[TASK REQUIREMENTS] Starting at the line that contains "Women Floral Printed", write out each line exactly through the last one in the material below, and nothing more; omit all pictures.

[DATA EXCERPT]

★ ★ ★ ★ ★

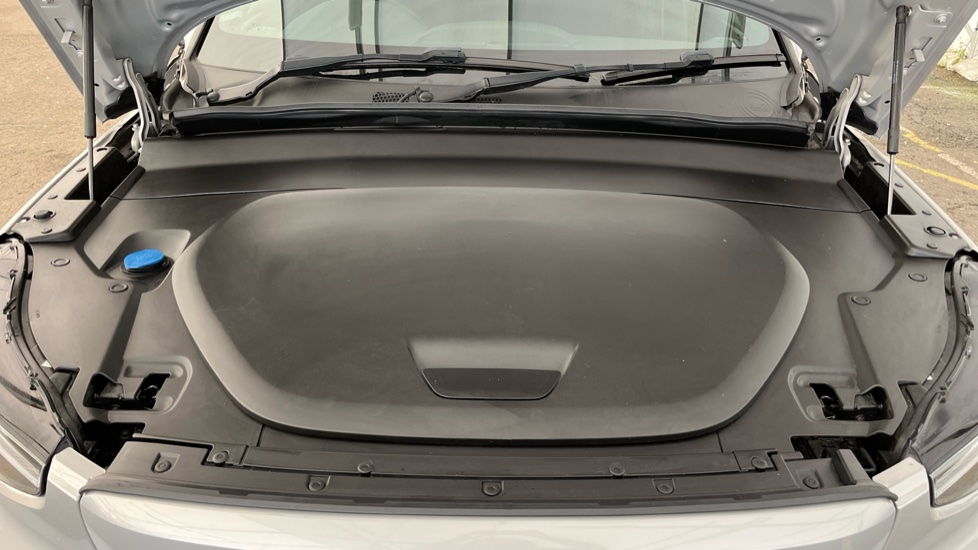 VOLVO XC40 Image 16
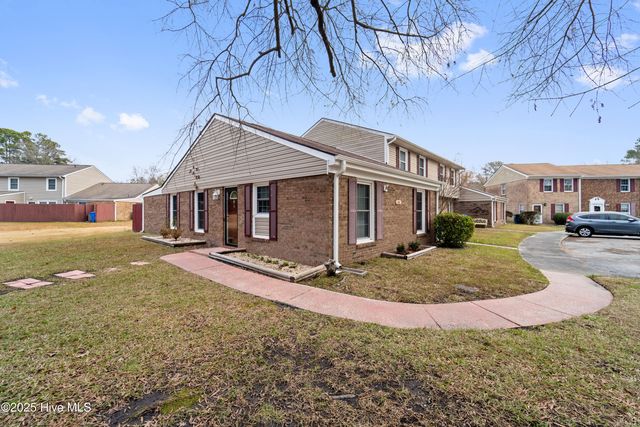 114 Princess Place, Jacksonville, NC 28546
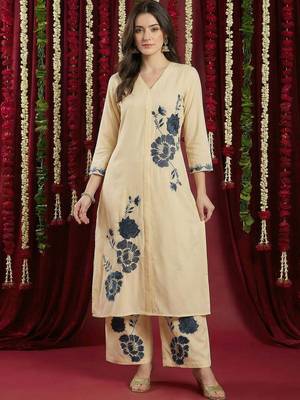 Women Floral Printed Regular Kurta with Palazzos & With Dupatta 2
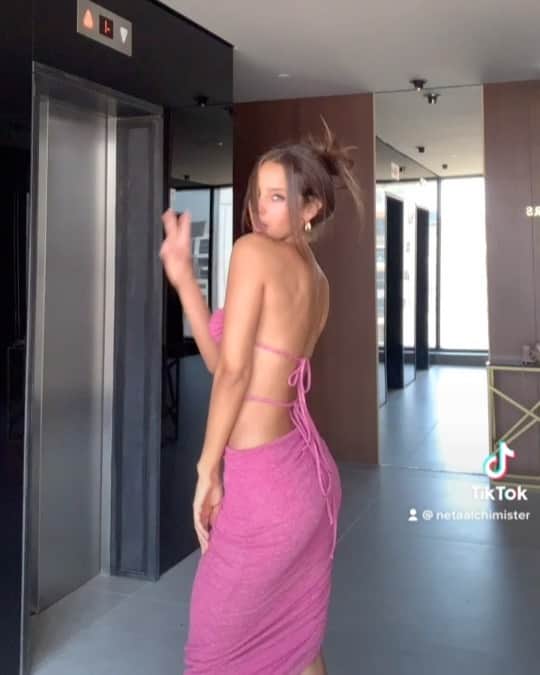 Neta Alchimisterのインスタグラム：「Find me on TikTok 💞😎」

★ ★ ★ ★ ★

[EXPECTED OUTPUT]
 Women Floral Printed Regular Kurta with Palazzos & With Dupatta 2
 Neta Alchimisterのインスタグラム：「Find me on TikTok 💞😎」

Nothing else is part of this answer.